There's Nothin' to Know

There's nothin' to know. You have an idea, you write down what you wanna say. Then you get somebody to add in the commas and shit where they belong, if you aren't positive yourself. Maybe fix up the spelling where you have some tricky words ... although I've seen scripts where I know words weren't spelled right and there was hardly any commas in it at all. So I don't think it's too important. Anyway, you come to the last page you write in 'Fade out' and that's the end, you're done.

“Bo Catlett” (Delroy Lindo) in Get Shorty, screenplay by Scott Frank, from the novel by Elmore Leonard

The Answer is to Write

If you’re afraid you can’t write, the answer is to write.
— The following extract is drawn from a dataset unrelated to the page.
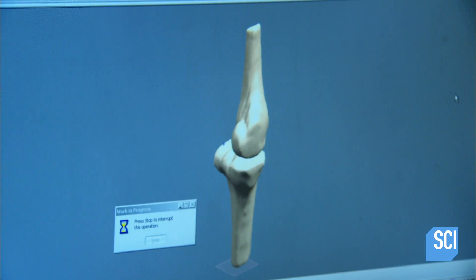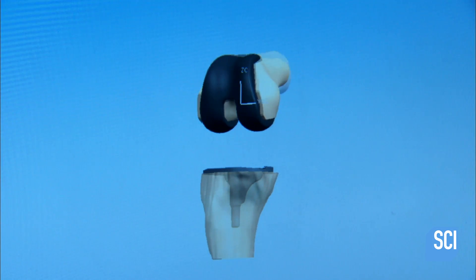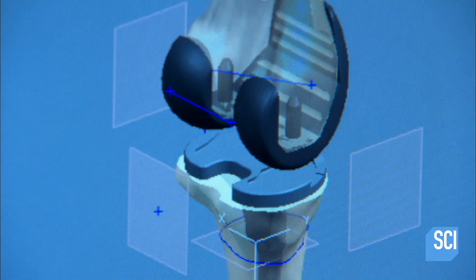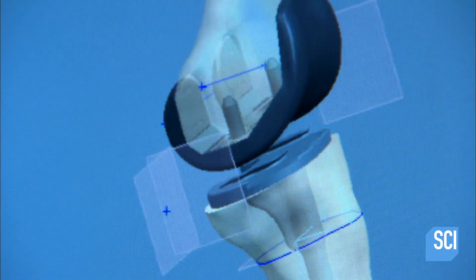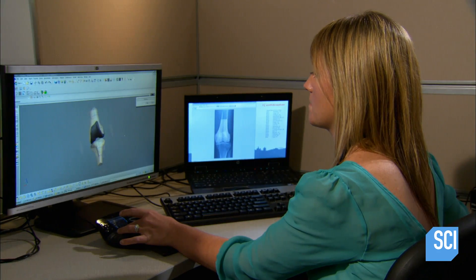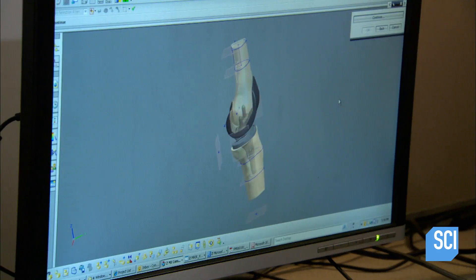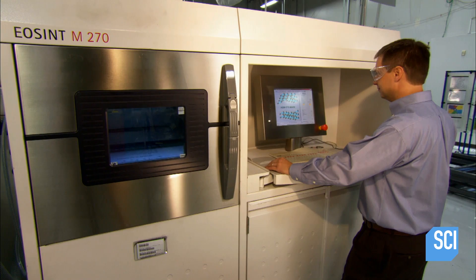Once each bone model is ready, another engineer applies a 3D model of the correct size implant. Then, following directions the surgeon has provided, performs virtual surgery on the bone model. This will properly align the implant to the patient's specific anatomy and fit it to the angle at which that particular knee moves. During the surgery simulation, the computer records every bone cut. The surgeon reviews and approves the surgical plan only once before manufacturing begins.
Every sentence you construct adds weight to the balance pan. If you’re afraid of what other people will think of your efforts, don’t show them until you write your way beyond your fear. If writing a book is impossible, write a chapter. If writing a chapter is impossible, write a page. If writing a page is impossible, write a paragraph. If writing a paragraph is impossible, write a sentence. If writing even a sentence is impossible, write a word and teach yourself everything there is to know about that word and then write another, connected word and see where their connection leads. A page a day is a book a year.